Plaintiff Mozella Dyer brought the present action claiming that she was fired from her job with the Kansas City, Kansas Unified School District because of racial discrimination. The court granted the defendants summary judgment, finding that the uncontroverted facts established, among other things, that Dyer was legally terminated from her administrative position. (Dkt. 161). Following her appeal, this determination was affirmed by the Tenth Circuit. (Dkt. 168).
The Clerk of the Court accordingly taxed the costs of the action against Dyer. The matter is before the court on the plaintiff's Motion to Review Taxation of Costs, which argues that Clerk should not have imposed costs under the circumstances of the case.
At the outset, the court notes that much of Dyer's argument is simply contrary to the law of the case or is otherwise entirely without factual foundation. She alleges, for example, that the defendants
have acted in bad faith and have refused to produce documents required for the case. (Dkt. 173, at 4). A review of the record reveals nothing to support this claim.
The United States Magistrate Judge granted in part and denied in part plaintiff's Motion to Compel, requiring the defendants to produce prior School District policies and salary information. At the same time, the court found that the plaintiff's requests were " not describe[d] with reasonable particularity," that many of the plaintiff's requests for production were moot following supplemental disclosures, that " a number of plaintiff's discovery request lack specificity," and rejected plaintiff's request for unredacted personnel information.
The Magistrate Judge made no findings of intention or deliberate obstruction, and based on the history of the action, such a conclusion is entirely unfounded. The discovery disputes, on both sides, are entirely typical for modern civil litigation.
Dyer further contends that costs should not be taxed because " Summary Judgment was not appropriate in this case" and that the award of summary judgment deprived her of various constitutional rights. ( Id. at 7). Similarly, Dyer devotes much of her Reply (Dkt. 177, at 4-7) essentially rearguing the facts of the case. Both this court and the Tenth Circuit, however, concluded that summary judgment was appropriate in light of the uncontroverted evidence.
Much of Dyer's remaining argument is premised on the Ninth Circuit's decision in Association of Mexican-American Educators v. California, 231 F.3d 572, 592 (9th Cir. 2000). The cited case bears little resemblance to the present action. In it, the Ninth Circuit did not hold that taxation of costs against the plaintiffs was inappropriate, it simply held that the district court had not abused its discretion in declining to tax costs. In reaching this conclusion, the court stressed the exceptional nature of the case, in which the plaintiffs challenged a state test (the California Basic Education Skills Test, or CBEST) for certain basic skills as a prerequisite to state employment.

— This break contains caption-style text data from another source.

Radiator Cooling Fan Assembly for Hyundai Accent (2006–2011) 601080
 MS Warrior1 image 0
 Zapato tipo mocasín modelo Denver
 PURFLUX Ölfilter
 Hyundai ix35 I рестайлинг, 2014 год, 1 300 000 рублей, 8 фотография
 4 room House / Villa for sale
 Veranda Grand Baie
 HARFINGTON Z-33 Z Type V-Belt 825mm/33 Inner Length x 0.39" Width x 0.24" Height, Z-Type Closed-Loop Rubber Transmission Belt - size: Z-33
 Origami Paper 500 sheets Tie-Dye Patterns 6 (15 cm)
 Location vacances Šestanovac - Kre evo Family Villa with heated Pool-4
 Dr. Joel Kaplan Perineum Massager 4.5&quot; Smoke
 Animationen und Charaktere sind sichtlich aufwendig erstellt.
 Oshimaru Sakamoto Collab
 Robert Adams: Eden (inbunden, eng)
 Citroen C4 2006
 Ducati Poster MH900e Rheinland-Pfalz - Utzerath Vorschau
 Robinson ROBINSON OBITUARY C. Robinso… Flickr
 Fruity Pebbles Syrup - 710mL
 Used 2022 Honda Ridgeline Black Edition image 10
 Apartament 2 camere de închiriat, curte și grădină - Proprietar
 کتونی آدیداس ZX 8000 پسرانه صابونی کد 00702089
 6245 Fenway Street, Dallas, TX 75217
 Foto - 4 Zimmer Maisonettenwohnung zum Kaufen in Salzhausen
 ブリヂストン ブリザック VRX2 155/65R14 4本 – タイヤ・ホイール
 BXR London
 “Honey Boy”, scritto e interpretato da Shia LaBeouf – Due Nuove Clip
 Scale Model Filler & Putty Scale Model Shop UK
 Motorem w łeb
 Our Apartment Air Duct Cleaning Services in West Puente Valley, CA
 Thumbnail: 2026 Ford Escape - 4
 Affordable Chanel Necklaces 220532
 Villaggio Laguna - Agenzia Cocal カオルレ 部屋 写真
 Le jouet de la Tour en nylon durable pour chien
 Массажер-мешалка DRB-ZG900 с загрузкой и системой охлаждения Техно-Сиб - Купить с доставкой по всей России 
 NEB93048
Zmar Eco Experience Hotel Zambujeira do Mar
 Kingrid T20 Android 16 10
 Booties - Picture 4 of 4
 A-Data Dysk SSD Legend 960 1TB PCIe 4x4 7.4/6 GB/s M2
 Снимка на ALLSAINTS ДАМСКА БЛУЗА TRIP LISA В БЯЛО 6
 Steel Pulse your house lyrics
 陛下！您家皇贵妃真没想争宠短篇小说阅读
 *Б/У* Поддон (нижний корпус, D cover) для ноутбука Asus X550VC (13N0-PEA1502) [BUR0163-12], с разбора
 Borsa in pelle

The statute was challenged by a broad class of Mexican-American, Asian-American, and African-American teachers, who argued that CBEST violated their civil rights under Titles VI and VII of the Civil Rights Act. The court found that the district court had not abused its discretion in refusing to award costs because
the case (1) " involve[s] issues of substantial public importance," specifically " educational quality, interracial disparities in economic opportunity, and access to positions of social influence; " (2) there is great economic disparity between Plaintiffs, who are individuals and " small nonprofit educational organizations," and the State of California; (3) the issues in the case are close and difficult; and (4) Plaintiffs' case, although unsuccessful, had some merit, as evidenced by the 1995 modification of the CBEST to eliminate " higher order" mathematics questions.
231 F.3d at 592 (quoting the district court, footnote omitted). The Ninth Circuit recognized that under Fed.R.Civ.Pr. 54(d)(1), " costs are to be awarded in the ordinary case," and specifically cautioned that " [w]e do not mean to suggest that the presumption in favor of costs does not apply to defendants in civil rights actions." Id. at 593.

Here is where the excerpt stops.